> **PROBLEM TO WORK ON**: Starting at the line that contains "Cookies chocolat moelleux", write out every line through the last one in the records below, word for word. Leave out any pictures.

[Source records]
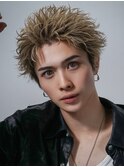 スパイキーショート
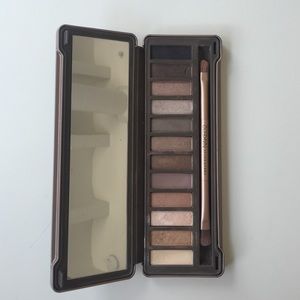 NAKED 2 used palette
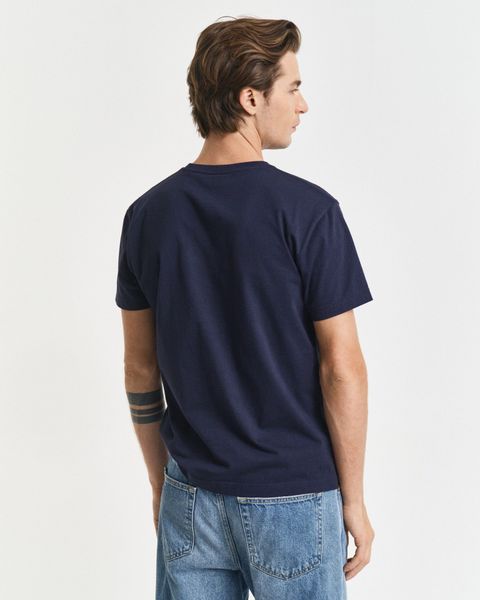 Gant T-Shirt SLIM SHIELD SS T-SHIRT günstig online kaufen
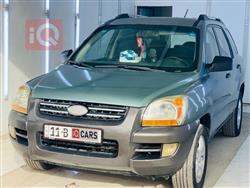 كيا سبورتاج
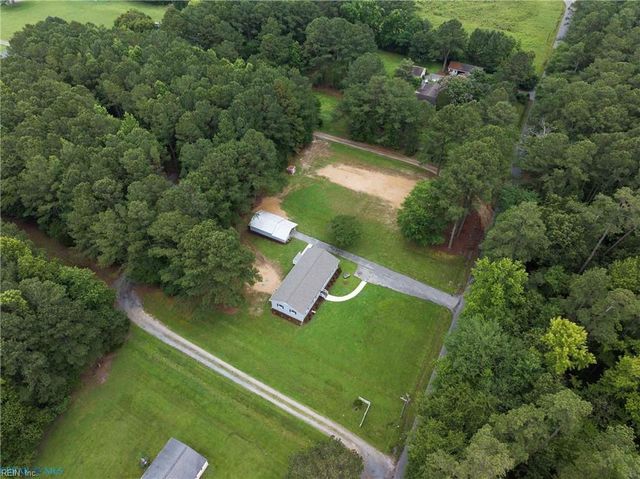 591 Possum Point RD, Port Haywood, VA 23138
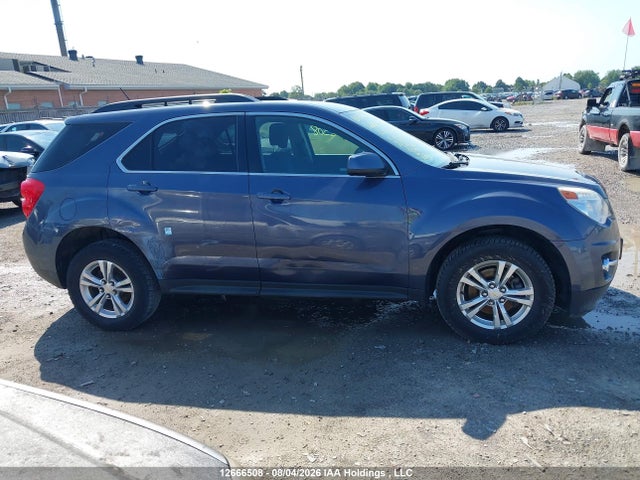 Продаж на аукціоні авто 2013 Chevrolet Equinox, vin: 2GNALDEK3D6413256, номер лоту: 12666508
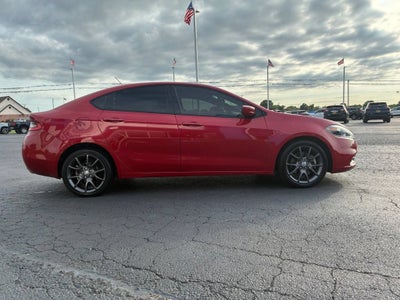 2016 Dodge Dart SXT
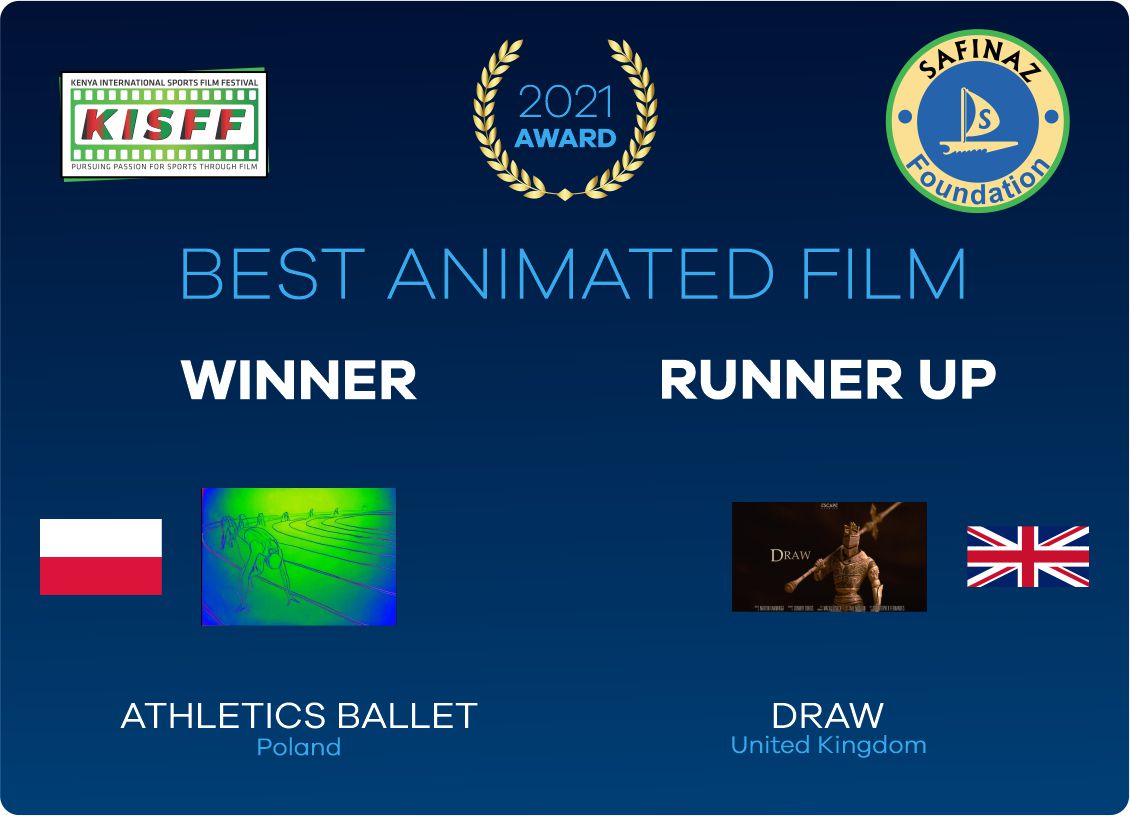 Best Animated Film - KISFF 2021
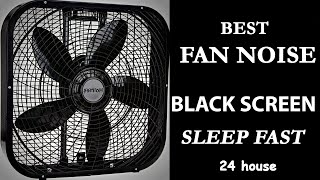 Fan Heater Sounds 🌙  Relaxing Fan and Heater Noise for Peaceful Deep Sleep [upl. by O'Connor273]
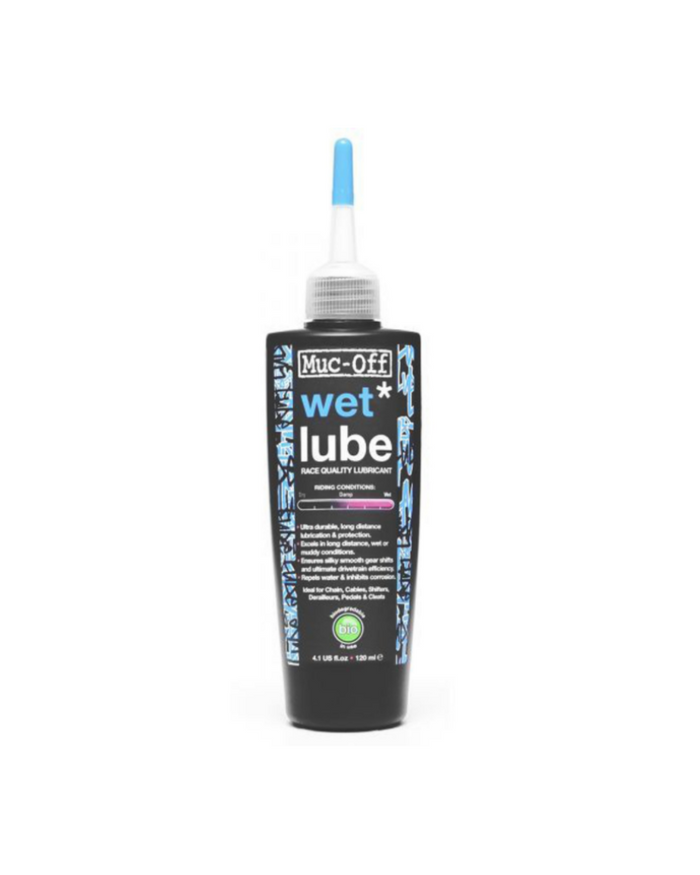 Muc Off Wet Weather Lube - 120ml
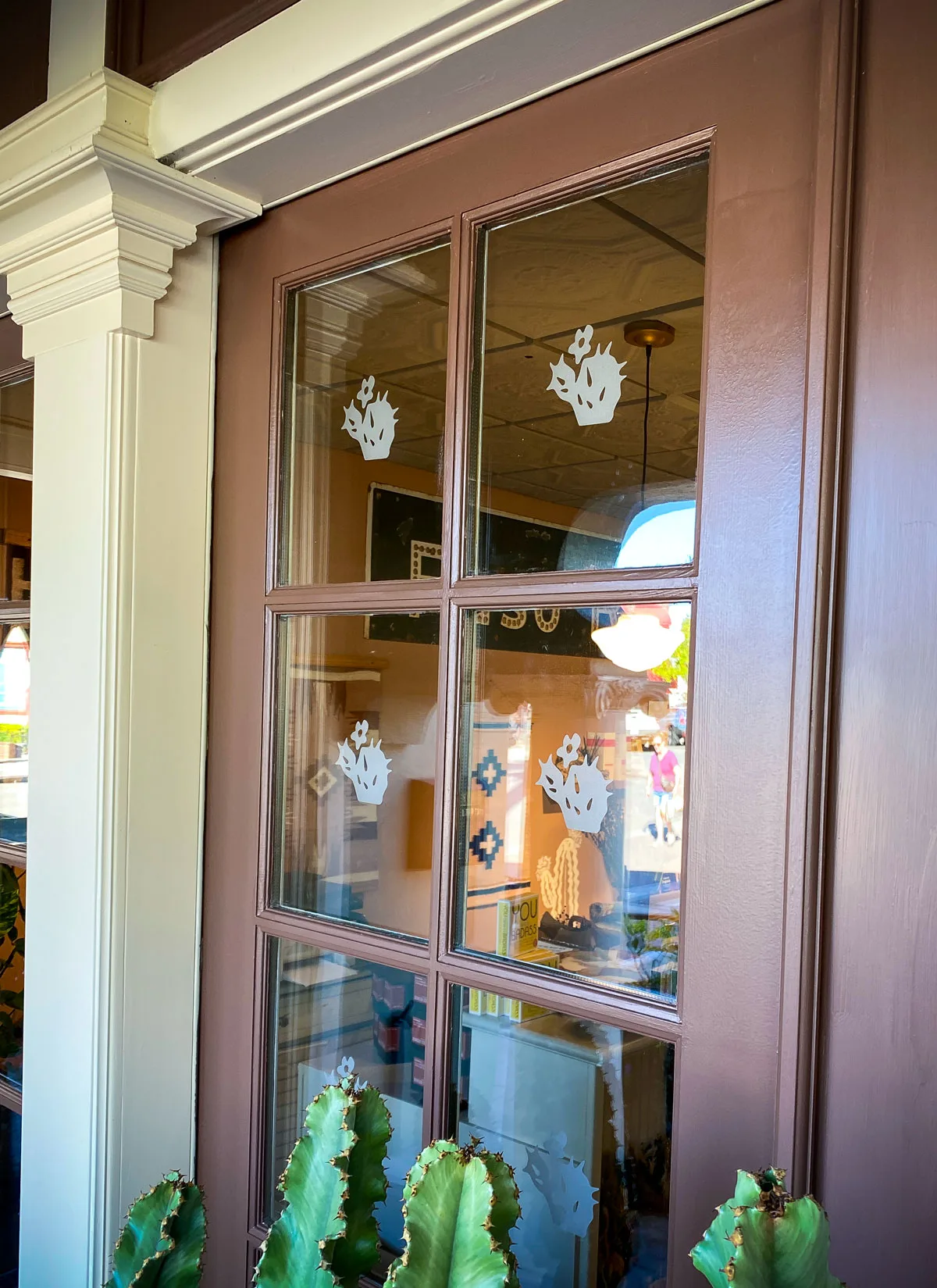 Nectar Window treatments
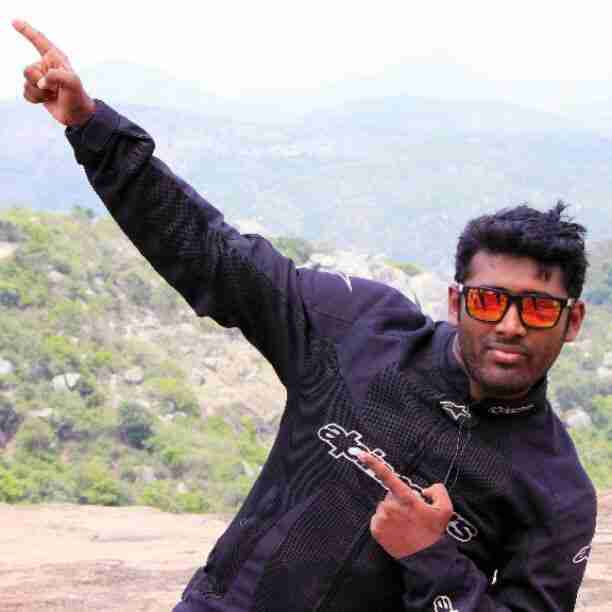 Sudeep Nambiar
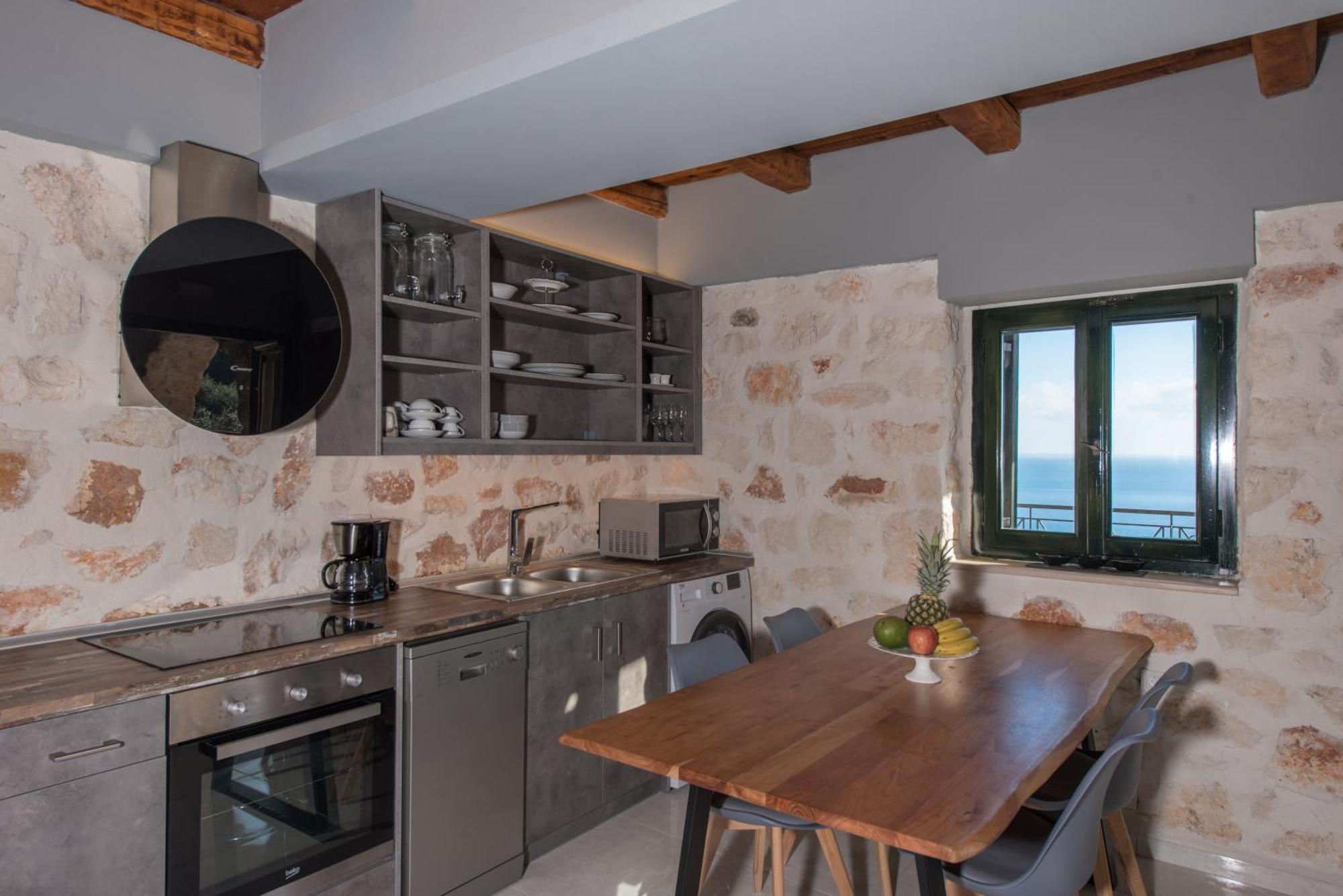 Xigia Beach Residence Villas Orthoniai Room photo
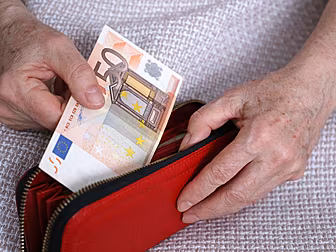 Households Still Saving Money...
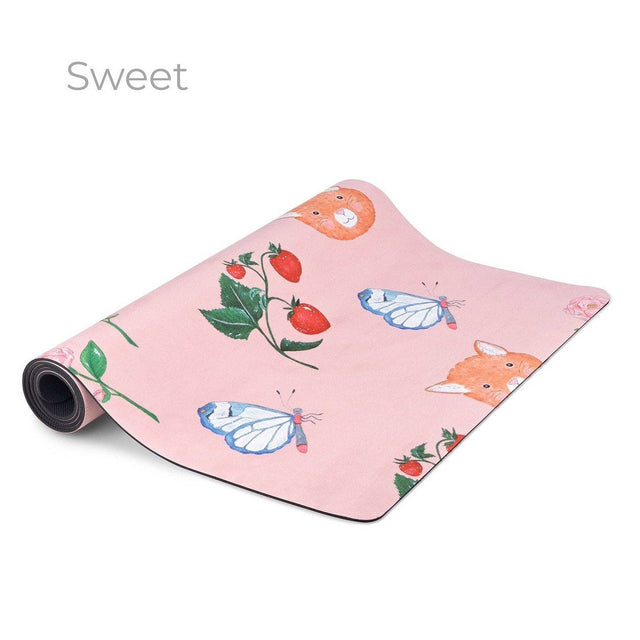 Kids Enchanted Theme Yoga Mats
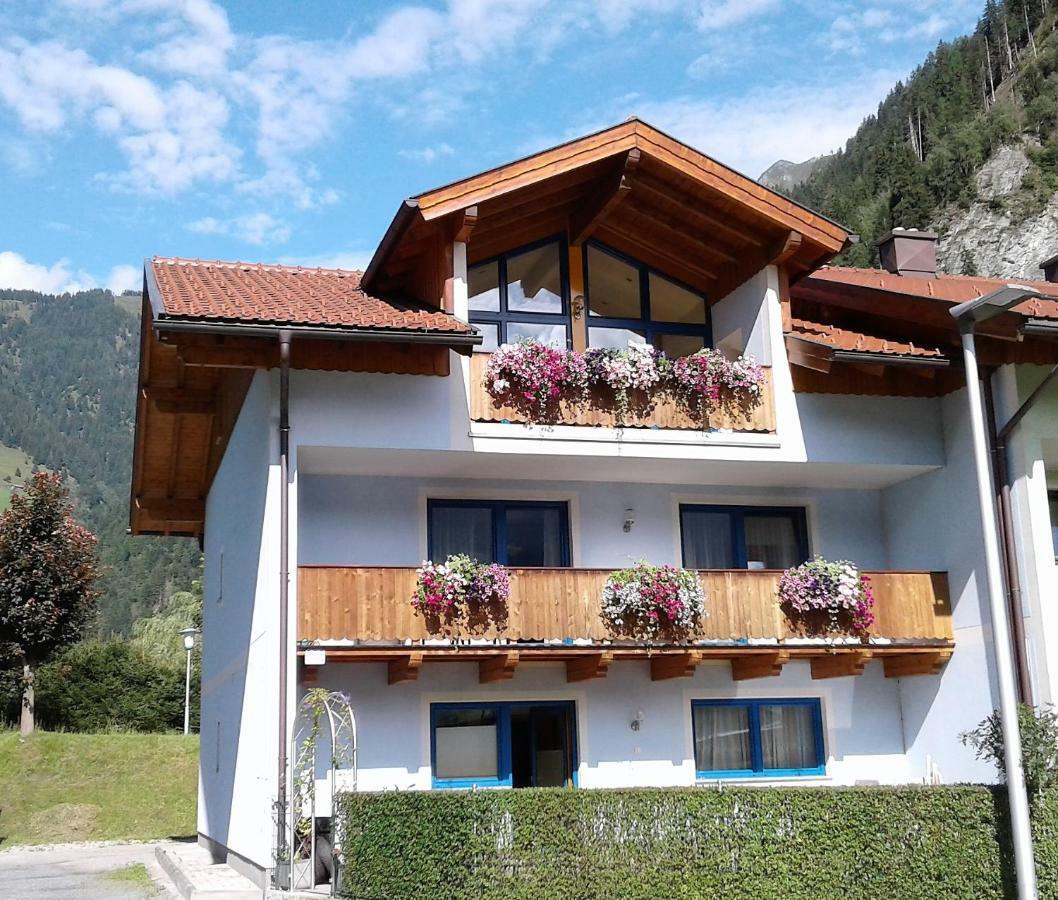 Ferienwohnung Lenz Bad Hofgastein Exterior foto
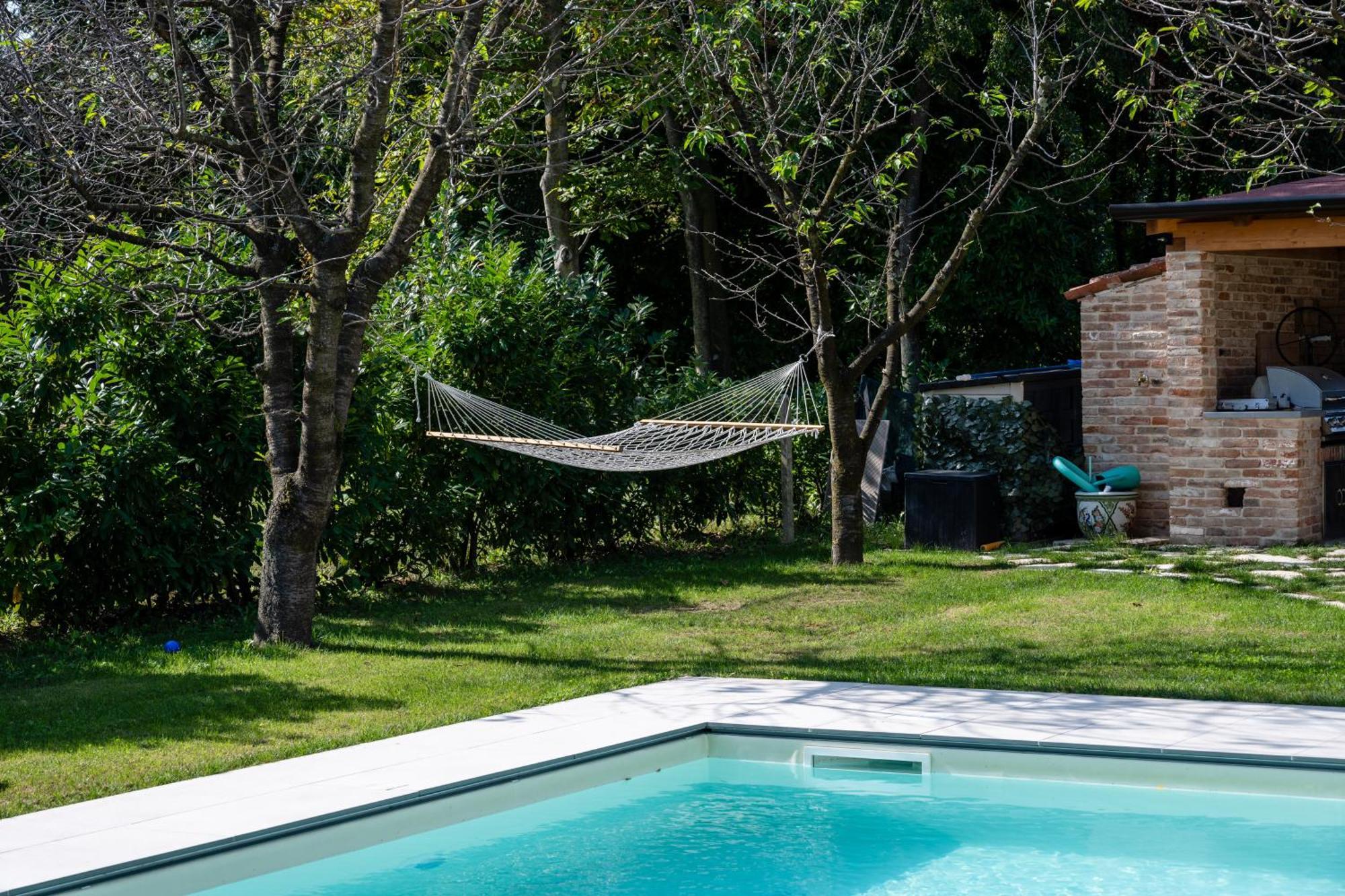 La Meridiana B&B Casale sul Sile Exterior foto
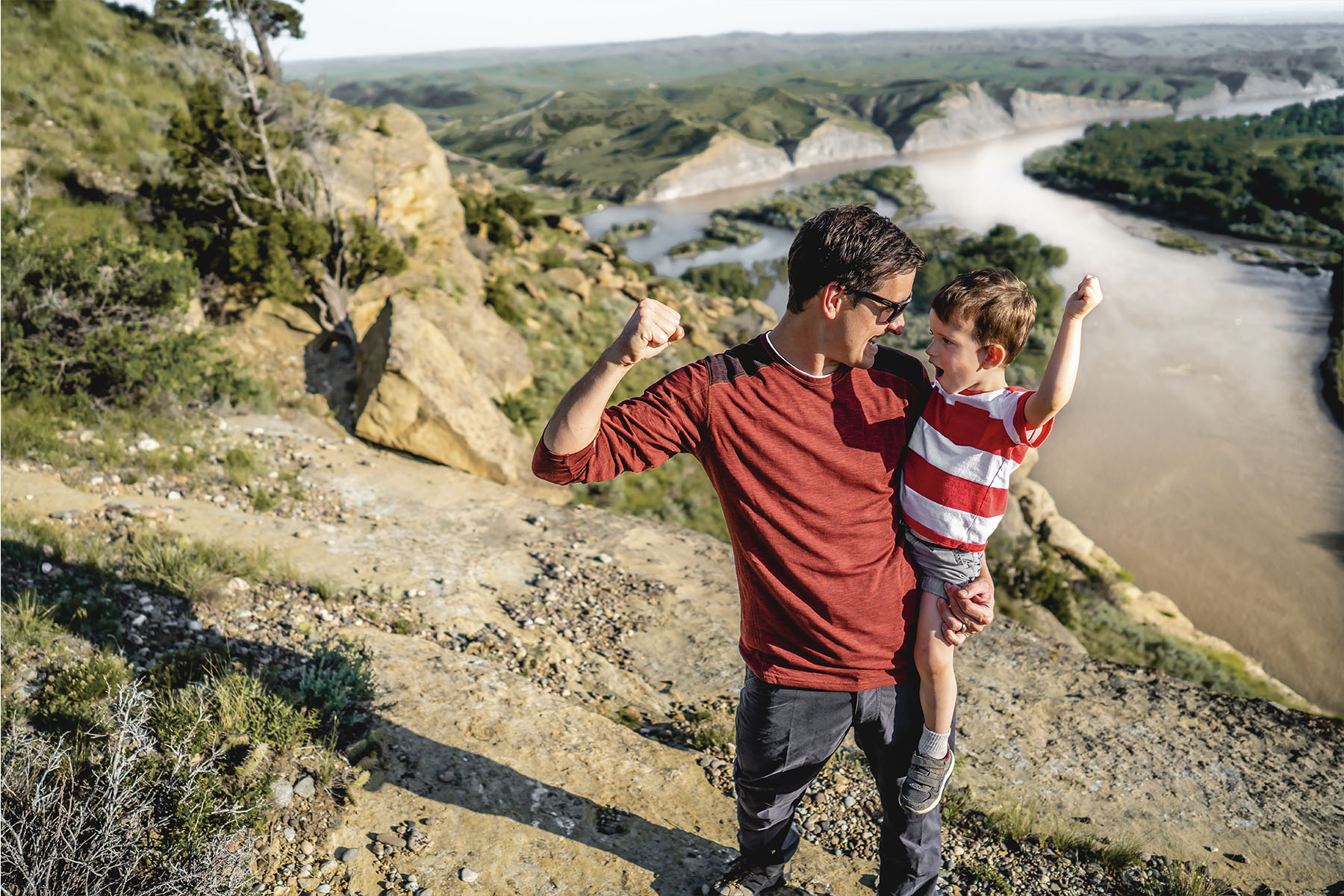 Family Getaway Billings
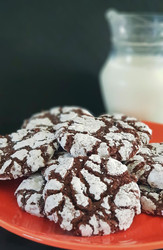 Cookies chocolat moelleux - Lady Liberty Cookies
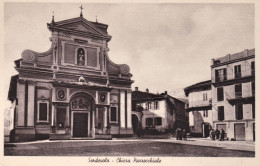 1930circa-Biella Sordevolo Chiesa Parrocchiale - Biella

> **WRITTEN REPLY**:
 Cookies chocolat moelleux - Lady Liberty Cookies
 1930circa-Biella Sordevolo Chiesa Parrocchiale - Biella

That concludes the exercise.